The truly funny thing about the conversation in question?  I wouldn’t know Tim Tebow if he sat down next to me wearing his football uniform.  Everything I contributed to the conversation had been cobbled  together from various comedians and the occasional Twitter comment.  But the important thing was that it made my boyfriend happy.  He was able to talk about something he liked and it provided us with a special bonding moment.

I’ve often heard people say that you shouldn’t have to change yourself for your partner and I absolutely agree with that statement.  However, I do think that it’s important to learn about your partner’s interests.  My boyfriend has never asked me to become a sports girl.  But I do attend baseball games, etc, when he asks me to.  I even try to pay attention so I can figure out who I’m supposed to cheer for.

Likewise, he makes an effort to pay attention to things that he has absolutely no interest in, like when Jersey Shore comes back on the air or which of my friends recent broke up or got engaged.  We haven’t changed who we are, we’ve just grown to accommodate the other person.

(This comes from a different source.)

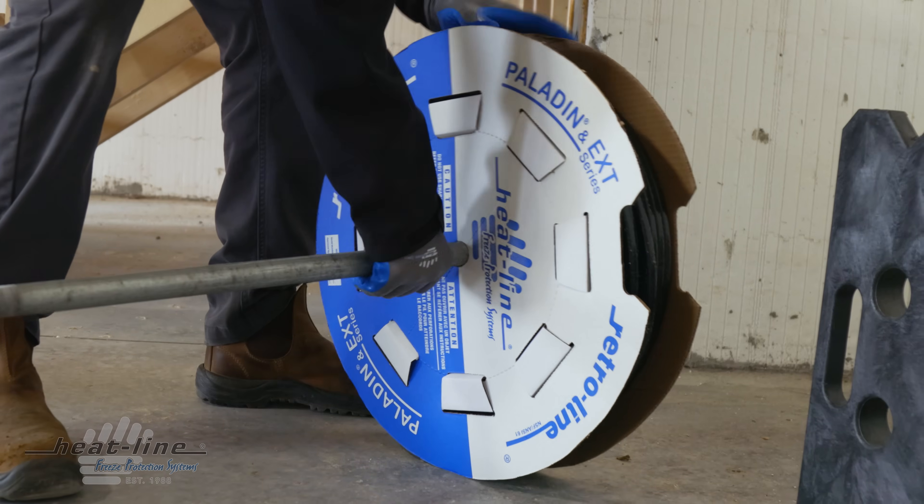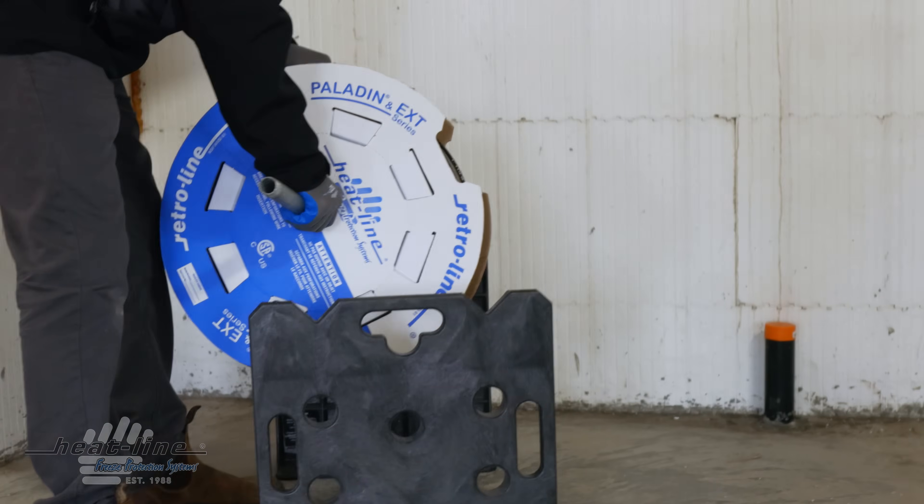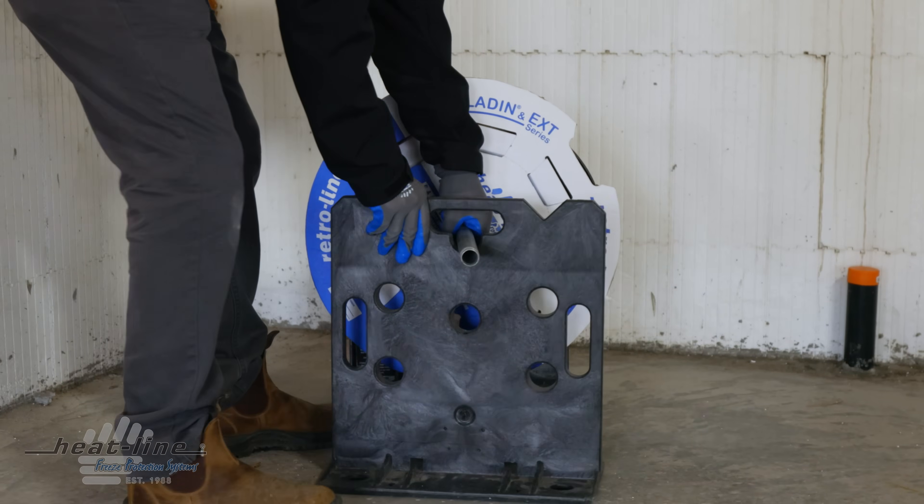I didn't want to have to deal with a system that could fail in the winter, and Heatline's been proven to be the most reliable product around. They use quality components and it was a very easy install.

Relationships are all about growth.  Sometimes we grow apart and sometimes we’re lucky enough to grow together.  Does having a passing knowledge of Tim Tebow change the core of who I am as a person?  No more than having a basic understanding of Buffy, the Vampire Slayer kills my boyfriend’s soul.  We have plenty of things in common but we also respect the things that we don’t have in common.  I think that sports are fairly ridiculous, but I get that he digs them.  And I’ll do my best to join in with the conversation every now and then.  He’s often told me that he doesn’t understand what an educated woman gets out of watching Jersey Shore, but he lets it slide and simply excuses himself to another room when the show comes on.

Ultimately, it really doesn’t matter what I do or don’t know about Tim Tebow or Tom Brady or whomever.  The important thing is that my guy knows and he’s always willing to teach me new things.  And I’ll always listen.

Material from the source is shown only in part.